Rechtsanwältin Heinrich: Hier gibt es viele Protagonisten. Auf der einen Seite natürlich die Schlepper, die die Not der Menschen ausnutzen und versuchen, damit Geld zu verdienen und die Geflüchteten vielfach auf seeuntaugliche Schiffe setzen und damit in Lebensgefahr bringen. Auf der anderen die europäischen Küstenstaaten, die, unterstützt durch die europäische Grenzschutzagentur Frontex, ihre Grenzen schützen wollen, zugleich aber an menschenrechtliche Verträge gebunden und zur Seenotrettung verpflichtet sind.

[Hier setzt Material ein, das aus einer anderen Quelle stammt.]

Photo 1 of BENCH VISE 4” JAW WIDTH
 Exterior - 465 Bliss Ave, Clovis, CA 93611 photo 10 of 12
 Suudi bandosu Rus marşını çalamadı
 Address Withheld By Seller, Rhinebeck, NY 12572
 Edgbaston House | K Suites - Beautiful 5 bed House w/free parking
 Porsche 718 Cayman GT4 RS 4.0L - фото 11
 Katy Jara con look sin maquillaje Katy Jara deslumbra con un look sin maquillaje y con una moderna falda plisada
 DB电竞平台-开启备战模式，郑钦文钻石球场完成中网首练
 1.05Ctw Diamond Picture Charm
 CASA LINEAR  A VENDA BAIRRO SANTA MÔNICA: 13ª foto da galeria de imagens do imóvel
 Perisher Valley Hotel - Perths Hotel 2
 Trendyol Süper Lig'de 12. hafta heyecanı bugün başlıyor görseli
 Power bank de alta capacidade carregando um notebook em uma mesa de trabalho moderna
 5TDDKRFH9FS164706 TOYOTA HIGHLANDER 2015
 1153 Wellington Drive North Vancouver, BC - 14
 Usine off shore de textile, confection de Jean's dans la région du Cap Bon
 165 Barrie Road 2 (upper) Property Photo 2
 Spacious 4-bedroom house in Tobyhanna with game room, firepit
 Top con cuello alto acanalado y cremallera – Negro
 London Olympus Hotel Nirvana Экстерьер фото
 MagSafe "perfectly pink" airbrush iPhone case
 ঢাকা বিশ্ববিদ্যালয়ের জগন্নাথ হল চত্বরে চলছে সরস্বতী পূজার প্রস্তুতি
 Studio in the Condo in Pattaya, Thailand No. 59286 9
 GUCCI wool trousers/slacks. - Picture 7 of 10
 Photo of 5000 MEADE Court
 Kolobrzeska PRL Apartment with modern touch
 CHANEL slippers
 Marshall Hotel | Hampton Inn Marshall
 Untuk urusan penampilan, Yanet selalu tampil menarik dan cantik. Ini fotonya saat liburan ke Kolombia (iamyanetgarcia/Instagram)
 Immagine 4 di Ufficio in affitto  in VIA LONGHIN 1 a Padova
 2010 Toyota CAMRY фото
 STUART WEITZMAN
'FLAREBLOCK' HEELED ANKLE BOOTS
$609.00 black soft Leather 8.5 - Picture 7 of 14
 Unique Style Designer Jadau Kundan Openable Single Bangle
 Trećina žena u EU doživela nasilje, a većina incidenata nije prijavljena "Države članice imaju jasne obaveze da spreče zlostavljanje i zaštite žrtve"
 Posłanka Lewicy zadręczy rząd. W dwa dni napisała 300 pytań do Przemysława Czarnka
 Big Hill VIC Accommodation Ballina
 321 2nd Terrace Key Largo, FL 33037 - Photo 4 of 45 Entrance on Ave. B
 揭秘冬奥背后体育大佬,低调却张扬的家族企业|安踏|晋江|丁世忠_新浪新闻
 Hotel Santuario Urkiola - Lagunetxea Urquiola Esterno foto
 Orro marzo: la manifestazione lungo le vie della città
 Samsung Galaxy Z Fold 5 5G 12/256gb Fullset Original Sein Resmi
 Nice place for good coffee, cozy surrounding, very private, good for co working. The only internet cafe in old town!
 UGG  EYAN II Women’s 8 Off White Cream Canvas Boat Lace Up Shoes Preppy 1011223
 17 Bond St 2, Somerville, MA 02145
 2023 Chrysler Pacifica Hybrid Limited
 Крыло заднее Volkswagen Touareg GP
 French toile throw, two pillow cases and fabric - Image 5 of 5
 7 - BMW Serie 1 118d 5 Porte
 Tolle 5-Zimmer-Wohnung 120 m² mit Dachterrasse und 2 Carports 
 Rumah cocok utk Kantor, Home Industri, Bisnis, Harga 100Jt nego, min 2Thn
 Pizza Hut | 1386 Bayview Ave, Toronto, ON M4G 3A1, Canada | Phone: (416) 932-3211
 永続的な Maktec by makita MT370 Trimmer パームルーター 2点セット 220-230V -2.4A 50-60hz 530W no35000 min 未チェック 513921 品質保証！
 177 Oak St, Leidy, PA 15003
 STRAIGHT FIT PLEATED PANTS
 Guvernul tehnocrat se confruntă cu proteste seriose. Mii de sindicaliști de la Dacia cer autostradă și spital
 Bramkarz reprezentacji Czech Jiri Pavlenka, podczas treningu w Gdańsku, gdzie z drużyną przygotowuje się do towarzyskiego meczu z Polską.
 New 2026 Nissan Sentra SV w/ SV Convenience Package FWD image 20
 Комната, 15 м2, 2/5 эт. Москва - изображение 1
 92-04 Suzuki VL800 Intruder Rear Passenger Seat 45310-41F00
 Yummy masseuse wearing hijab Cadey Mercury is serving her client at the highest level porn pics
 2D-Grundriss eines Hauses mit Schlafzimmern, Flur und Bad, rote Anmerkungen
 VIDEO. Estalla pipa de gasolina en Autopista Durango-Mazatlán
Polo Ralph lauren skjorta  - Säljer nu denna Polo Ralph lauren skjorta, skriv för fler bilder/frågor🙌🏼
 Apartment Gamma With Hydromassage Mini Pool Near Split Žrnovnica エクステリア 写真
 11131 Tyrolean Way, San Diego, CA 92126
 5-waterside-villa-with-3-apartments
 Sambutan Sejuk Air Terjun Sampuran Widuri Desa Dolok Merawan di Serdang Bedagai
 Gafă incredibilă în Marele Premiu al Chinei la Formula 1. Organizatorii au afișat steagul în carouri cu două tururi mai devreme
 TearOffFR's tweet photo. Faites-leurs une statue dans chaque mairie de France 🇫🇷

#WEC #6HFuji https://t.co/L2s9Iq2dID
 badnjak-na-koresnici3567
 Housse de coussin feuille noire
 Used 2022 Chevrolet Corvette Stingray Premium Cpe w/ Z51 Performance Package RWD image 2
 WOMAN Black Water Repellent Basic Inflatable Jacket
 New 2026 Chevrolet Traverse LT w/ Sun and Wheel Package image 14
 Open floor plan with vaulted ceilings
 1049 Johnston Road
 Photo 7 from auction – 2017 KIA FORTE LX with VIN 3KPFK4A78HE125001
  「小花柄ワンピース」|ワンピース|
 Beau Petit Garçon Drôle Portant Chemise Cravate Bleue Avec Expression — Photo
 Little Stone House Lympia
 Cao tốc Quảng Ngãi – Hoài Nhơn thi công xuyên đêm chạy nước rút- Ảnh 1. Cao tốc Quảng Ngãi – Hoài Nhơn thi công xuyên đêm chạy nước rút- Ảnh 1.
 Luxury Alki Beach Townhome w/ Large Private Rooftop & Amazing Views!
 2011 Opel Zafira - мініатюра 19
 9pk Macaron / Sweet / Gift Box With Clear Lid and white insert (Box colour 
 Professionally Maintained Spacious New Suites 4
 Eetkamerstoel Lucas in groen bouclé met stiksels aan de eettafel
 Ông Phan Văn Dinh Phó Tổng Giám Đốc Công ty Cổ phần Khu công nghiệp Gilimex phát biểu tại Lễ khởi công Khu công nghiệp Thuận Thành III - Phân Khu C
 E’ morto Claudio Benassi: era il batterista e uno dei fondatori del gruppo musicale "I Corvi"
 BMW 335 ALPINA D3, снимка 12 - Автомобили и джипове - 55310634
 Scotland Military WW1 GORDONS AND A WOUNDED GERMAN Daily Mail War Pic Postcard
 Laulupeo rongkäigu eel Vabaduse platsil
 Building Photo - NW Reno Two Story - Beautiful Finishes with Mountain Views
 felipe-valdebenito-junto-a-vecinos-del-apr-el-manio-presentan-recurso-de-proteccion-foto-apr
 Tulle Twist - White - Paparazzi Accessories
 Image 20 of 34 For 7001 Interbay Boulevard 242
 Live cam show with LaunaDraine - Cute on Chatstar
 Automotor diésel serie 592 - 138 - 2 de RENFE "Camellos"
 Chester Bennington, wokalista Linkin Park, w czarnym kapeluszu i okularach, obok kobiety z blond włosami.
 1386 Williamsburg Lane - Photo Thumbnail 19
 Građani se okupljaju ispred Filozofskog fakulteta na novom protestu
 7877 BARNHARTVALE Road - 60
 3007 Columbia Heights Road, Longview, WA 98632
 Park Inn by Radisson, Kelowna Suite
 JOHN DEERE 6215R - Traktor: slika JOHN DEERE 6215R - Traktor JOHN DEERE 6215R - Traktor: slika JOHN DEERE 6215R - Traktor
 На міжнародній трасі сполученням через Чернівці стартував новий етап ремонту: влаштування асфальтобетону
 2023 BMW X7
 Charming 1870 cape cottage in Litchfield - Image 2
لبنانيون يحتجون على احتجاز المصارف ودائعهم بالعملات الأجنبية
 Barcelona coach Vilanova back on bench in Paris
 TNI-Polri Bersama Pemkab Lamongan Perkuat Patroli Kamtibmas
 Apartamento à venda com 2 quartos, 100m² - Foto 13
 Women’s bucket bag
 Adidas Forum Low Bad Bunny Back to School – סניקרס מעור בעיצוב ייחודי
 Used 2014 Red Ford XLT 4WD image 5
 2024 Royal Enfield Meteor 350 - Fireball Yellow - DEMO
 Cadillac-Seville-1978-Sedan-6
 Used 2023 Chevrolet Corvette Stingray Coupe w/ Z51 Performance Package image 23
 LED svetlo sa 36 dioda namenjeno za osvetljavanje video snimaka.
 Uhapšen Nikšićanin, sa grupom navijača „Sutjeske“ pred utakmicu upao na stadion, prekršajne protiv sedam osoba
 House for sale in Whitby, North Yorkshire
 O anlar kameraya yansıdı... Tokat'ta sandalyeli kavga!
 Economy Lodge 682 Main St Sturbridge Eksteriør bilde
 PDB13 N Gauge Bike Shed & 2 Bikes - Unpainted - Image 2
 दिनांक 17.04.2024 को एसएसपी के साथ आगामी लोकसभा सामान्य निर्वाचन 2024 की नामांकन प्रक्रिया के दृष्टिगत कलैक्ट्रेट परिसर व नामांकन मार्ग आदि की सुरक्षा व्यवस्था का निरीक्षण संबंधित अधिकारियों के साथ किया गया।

Eine nicht unwesentliche Rolle spielt zudem die libysche Küstenwache, die sowohl in ihren eigenen Gewässern als auch auf hoher See entdeckte Geflüchtete zurück an die nordafrikanische Küste zwingt. Sie gehen häufig äußerst brutal vor. Flüchtlingsboote sind durch sie wiederholt gekentert.

"Seenotrettung ist in verschiedenen internationalen Abkommen geregelt"

123recht.de: Welchen Regeln unterliegt die Seenotrettung?

Rechtsanwältin Heinrich: Die Pflicht zur Rettung in Seenot befindlicher Schiffe ist als ungeschriebenes Völkergewohnheitsrecht seit langem anerkannt. Heute ist die Seenotrettung in verschiedenen internationalen Abkommen geregelt. Dazu gehört das Seerechtsübereinkommen der Vereinten Nationen, das Internationale Übereinkommen von 1979 zur Seenotrettung sowie die SOLAS-Abkommen.

Aus diesen Übereinkommen folgt, dass alle Küstenstaaten verpflichtet sind, die Rettung von in Seenot geratenen Personen sicherzustellen. So müssen die Staaten die Kapitäne, die unter ihrer Flagge fahren, verpflichten, in Seenot geratenen Personen zu helfen. Für die Kapitäne gilt die Pflicht zur Rettung dann aus dem nationalen Recht des Flaggenstaates. Küstenstaaten sind zudem verpflichtet, wirksame Such- und Rettungsdienste einzurichten.

123recht.de: Welche Aufgaben haben dabei die Seenotleitzentralen?

Rechtsanwältin Heinrich: Die Seenotleitzentralen koordinieren die Rettungsmaßnahmen, wenn Schiffe in Seenot geraten sind.

123recht.de: Wenn ein Boot mit Flüchtlingen auf hoher See aufgegriffen wird, wer ist für die Flüchtlinge zuständig?

Rechtsanwältin Heinrich: Die Meere sind in 13 Seenotrettungszonen unterteilt, für die jeweils eine bestimmte Seenotleitzentrale die Koordination der Rettungsmaßnahmen übernimmt. Diese ist für die Rettung der Geflüchteten zuständig.

Kapitäne haben die Pflicht, in Seenot befindlichen Menschen zu helfen

123recht.de: Darf ein Kapitän Flüchtlinge an Bord nehmen oder muss dazu eine konkrete Gefährdung vorliegen? Die Boote sind ja in der Regel nicht hochseetauglich.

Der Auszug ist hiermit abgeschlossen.